Let's unite in demanding accountability from EACC

This week, one Josephine Kabura released detailed claims in an affidavit linking former Cabinet Secretary Anne Waiguru to the NYS scandal.

The merits of the affidavit will be decided in court but the broader implications for public perception cannot be overlooked.

With a little hindsight on events leading up to the 2007-2008 crisis, Kenyans need to worry, and rightfully so. Broadly speaking, the affidavit raises serious questions about key institutions Kenyans have laboured to re-build over the last half a decade.

Earlier, an affidavit that put Justice Philip Tunoi on his defence cast aspersions on the Supreme Court and the Judiciary at large. Now the affidavit by Ms Kabura has roped in the Ethics and Anti-Corruption Commission (EACC) and the investigatory agencies of the national government such as the police.

Most significantly though, the EACC wrote a letter dated February 7, 2016, purporting to clear Ms Waiguru of any wrongdoing regarding the NYS scam. Kenyans were quick to ask why the former CS was being “cleared” by the EACC when she had never been named as a person of interest or suspect to begin with.

When the scandal broke, the EACC had then named Waiguru as a witness, having claimed to be a whistle blower who brought the scam to light.

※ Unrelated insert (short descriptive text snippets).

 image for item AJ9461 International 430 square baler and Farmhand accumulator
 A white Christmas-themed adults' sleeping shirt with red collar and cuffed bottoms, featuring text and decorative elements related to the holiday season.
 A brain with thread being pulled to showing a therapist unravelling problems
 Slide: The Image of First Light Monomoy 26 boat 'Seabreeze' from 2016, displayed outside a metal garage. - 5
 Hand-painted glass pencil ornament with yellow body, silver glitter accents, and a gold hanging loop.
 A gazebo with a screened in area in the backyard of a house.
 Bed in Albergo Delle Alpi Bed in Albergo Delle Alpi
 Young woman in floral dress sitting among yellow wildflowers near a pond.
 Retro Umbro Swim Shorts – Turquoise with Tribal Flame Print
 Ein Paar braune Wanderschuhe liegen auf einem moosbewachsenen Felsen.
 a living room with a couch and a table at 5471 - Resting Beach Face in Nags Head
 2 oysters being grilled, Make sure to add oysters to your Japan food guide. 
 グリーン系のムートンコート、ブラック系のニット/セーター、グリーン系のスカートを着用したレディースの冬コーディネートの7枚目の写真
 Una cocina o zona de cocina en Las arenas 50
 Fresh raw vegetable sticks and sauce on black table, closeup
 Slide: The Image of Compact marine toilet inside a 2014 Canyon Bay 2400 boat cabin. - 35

Upon the surfacing of Kabura’s affidavit, the EACC hastily beat a retreat to “re-open” investigations into the whole saga. This was an interesting development, considering that despite being a person of interest from the word go, the EACC had never seen the need to interrogate Ms Kabura on her role in the scam, despite recommending her prosecution by the ODPP.

As most Kenyans will remember, the lack of accountability from key institutions was a key driver of the total lack of confidence in those institutions in the lead up to the 2007-2008 crisis.

We must unite in demanding accountability from the EACC and all investigatory agencies involved in this mess.

{Ramoto Osore, Nairobi}

A commission of inquiry would be better to unravel the truth in the Sh791 million NYS scam.

There are those who thought that former Prime Minister Raila Odinga did not know what he was saying when he, like a “mad man” kept on saying that all was not well at NYS.

President Uhuru Kenyatta weighed in and reassured us that there was no problem and that we ought to sleep soundly for he was on top of things.

Maybe the President thought that the former premier was just being the garrulous politician he probably deems him to be.

Now, the EACC is telling us Waiguru will become a person of interest. When shevisited their offices last year, she apparently never became a person of interest. It turns out then that Kenyan sleuths are cut from a very poor quality cloth.

This NYS scandal should be handled by the President forming a commission of inquiry so that a few people can be made to sweat as they labour to cleanse their names.

Should it turn out that the courts will ably handle the matter, so be it. But my only fear is that the well-paid advocates of Nairobi will throw a spanner in the works and derail the process on technicalities.